Because the second loan is in a subordinate position, the junior lienholder is in a
The answer is high-risk position. If the first mortgage is not paid according to its terms and foreclosure occurs, the second lienholder may not be paid.
Which of the following is an example of a voluntary lien?
The answer is mortgage lien of $180,000. A mortgage loan secured by a parcel of real estate becomes a specific voluntary lien against the subject property at the time it is recorded at the courthouse of the county where the property is located.
Involuntary liens would include all of the following EXCEPT
The answer is mortgage liens. Involuntary liens are imposed by law, whereas, a mortgage lien is voluntary.
A lender never wants a borrower to prematurely pay off a high-yield loan such as one with a high interest rate. To avoid this, the lender may wish to include a prepayment penalty clause in the loan contract. This is no longer allowed by all of the following EXCEPT
The answer is nonconforming jumbo loans. Nonconforming jumbo loans—especially those with adjustable-rate mortgages—may still include a prepayment penalty. Some states do not allow any type of prepayment penalty.
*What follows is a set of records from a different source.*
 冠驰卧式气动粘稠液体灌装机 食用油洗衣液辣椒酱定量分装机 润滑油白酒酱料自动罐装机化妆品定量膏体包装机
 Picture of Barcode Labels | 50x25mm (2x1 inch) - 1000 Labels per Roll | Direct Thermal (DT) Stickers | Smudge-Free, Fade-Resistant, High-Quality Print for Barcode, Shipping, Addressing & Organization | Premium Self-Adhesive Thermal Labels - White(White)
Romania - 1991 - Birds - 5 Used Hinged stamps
The borrower's promise to pay the lender a designated sum under specified terms and conditions is described in the
The answer is note. The note accompanies a deed of trust and identifies the security of a specific deed of trust given to the trustee as collateral for the loan.
An individual has purchased a home subject to an existing FHA mortgage lien. If the purchaser should default on the loan, the lender will hold personally responsible the
The answer is original borrower. A buyer may purchase a property with an existing encumbrance but stipulate that the purchase is subject to the lien. Only the original borrower and any subsequent assumers are liable. Under this agreement, a buyer may simply walk away from the property, forfeit any equity that has accumulated, and avoid any future responsibility in the transaction.
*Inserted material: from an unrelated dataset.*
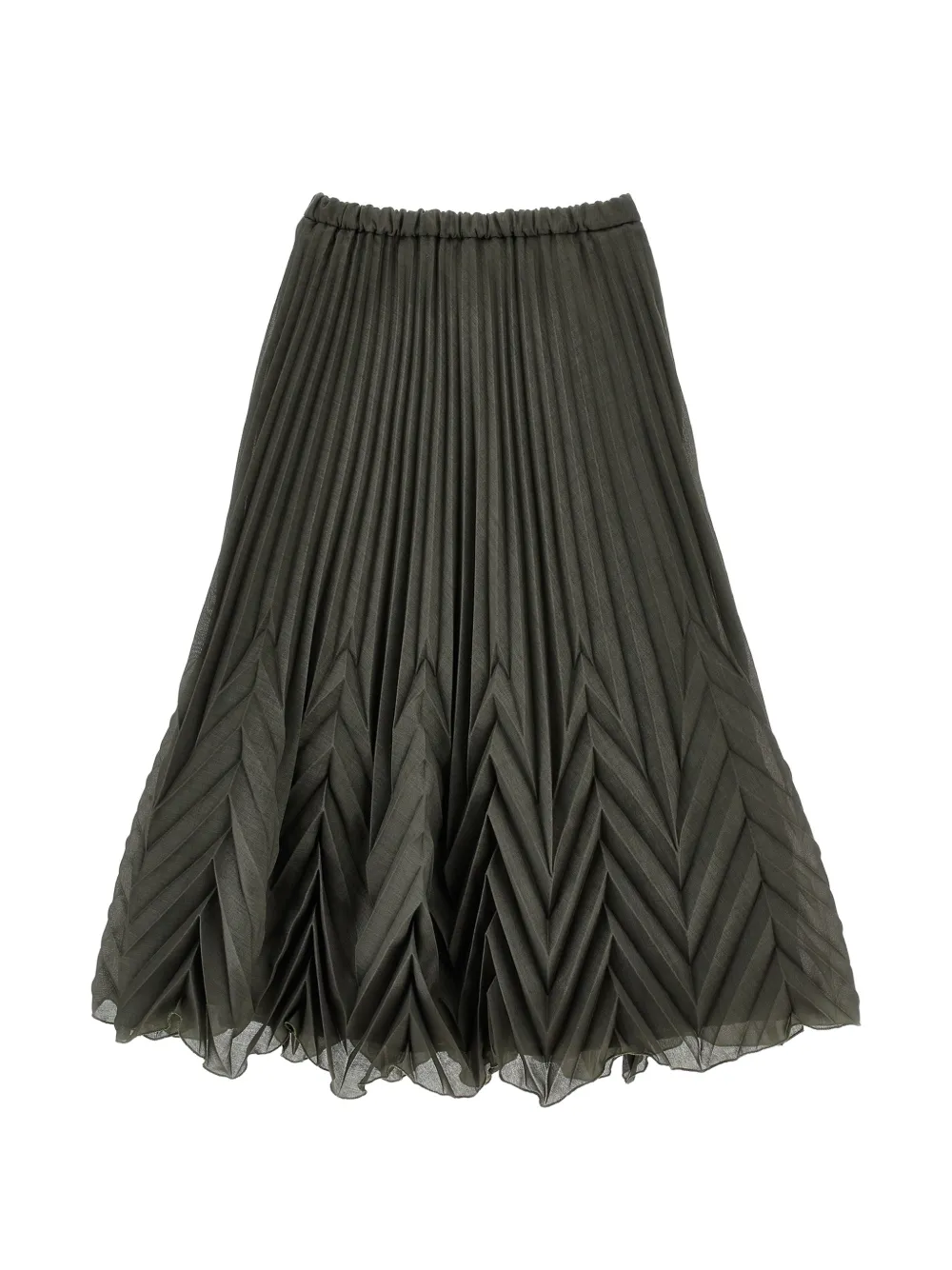 Er no Scervino Junior Plooirok met chevron streep Groen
What type of clause in a financial instrument allows a borrower to repay the balance of a loan at any time without any restriction or penalty?
The answer is prepayment. Lenders participating in the secondary market have restrictions on using prepayment penalties based on guidelines of the specific loan product.
When the purchaser of a real estate loan wants to be protected in the event the loan goes into default, the loan is sold with a(n)
The answer is recourse clause. Loans sold with recourse require the seller of the security to reimburse the purchaser of the security if the borrower defaults.
A homeowner is considering purchasing an investment property, but she does not have sufficient cash to cover the down payment. She decides to pledge the equity as collateral to secure funds for a short term. When these equity loans come due, the borrower usually
The answer is refinances the entire property to secure a new loan to pay all liens in full. This allows the homeowner to purchase another property with an equity loan with less money out of pocket.
Certain other interests in real property can be owned independently from the land itself and can be pledged as collateral for a loan. Examples include all of the following EXCEPT
The answer is rights to hunt on the property. Hunting rights would be granted through a private easement or license. Air rights, such as for an elevated train over streets in Chicago, water rights in western states with limited water, or oil and mineral rights in the mountains of West Virginia can all be pledged as collateral for a loan—either singly, collectively, or jointly with other properties.
The escrow agent for a first-time purchaser is showing the survey and easements from the local electric utility company along the front edge of the property. The title agent explains that this easement is a covenant that
The answer is runs with the property. Almost every parcel of real property has some form of physical encumbrance imposed on it. Most common is the utility easement. These recorded encumbrances become "covenants that run with the land" and follow the title through its various owners.
The increased activity of buying and selling junior loans on a regular basis has created a
The answer is secondary market. Some companies see the benefit in buying and selling these second securities.
The parties involved in a deed of trust include all of the following EXCEPT
The answer is settlement agent. The primary function of the settlement agent is to see that all terms of the contract are met, regardless of whether a mortgage or a deed of trust is used as collateral.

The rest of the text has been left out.